Hervé Saint-Amand, a "23 year old French Canadian from Montreal" wrote to set me straight about sentences like "Le gars que je te parle de". He explains that they are far from being "unthinkable in Montreal":
I know many people who use that type of construction regularly, and sometimes I use them too. We all know they are incorrect, but many of us (chiefly young people) use them.
He goes on to say that "personally I never thought these constructions came from English", noting that he feels it has something to do with wanting to avoid the relatively formal relative-clause introducer dont, as in the "correct" alternative "Le gars dont je te parle". He cites as other examples:
l'hôpital auquel je vais
l'hôpital où je vais
?l'hôpital que je vais à
l'homme pour lequel je travaille
l'homme pour qui je travaille
?l'homme que je travaille pour
la ville d'où je viens
?la ville que je viens de
where ? marks phrases that have the same sort of status for him as "Le gars que je te parle de", i.e. understood to be non-standard but often used in informal contexts anyhow. He adds that
It's interesting (I myself am discovering all of this as I type), that some prepositions can't be used with such constructions, it would just sound completely goofy and unacceptable. For instance,
la fille chez qui je vais
*la fille que je vais chezI can't picture anyone saying that. It's not just a matter of being incorrect with regards to "standard French". I can't imagine even the low-class school drop-outs saying that.

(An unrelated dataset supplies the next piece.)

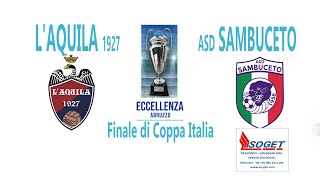 Eccellenza - Finale Coppa Italia: L'Aquila 1927 - Sambuceto 1-0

I imagine that some of the excellent syntacticians in Francophone Canada have explored this further. Perhaps there is relevant stuff in Yves Rorberge and Nicole Rosen, "Preposition Stranding and que-deletion in Varieties of North American French", Linguistica Atlantica, v. 21 pp. 153-168 (1999) -- but I can't read it on line.
Anyhow, Hervé agrees with me that the "French" examples that I cited from Elizabeth Bear's SF novel Hammered are not French at all, standard or not standard. With respect to "Comment massif parlons-nous de?" as an answer to someone asking for a "massive favor", he wrote that
I think nobody would use such a syntax, at least not in Montreal. To me it's an obvious word-by-word translation from English.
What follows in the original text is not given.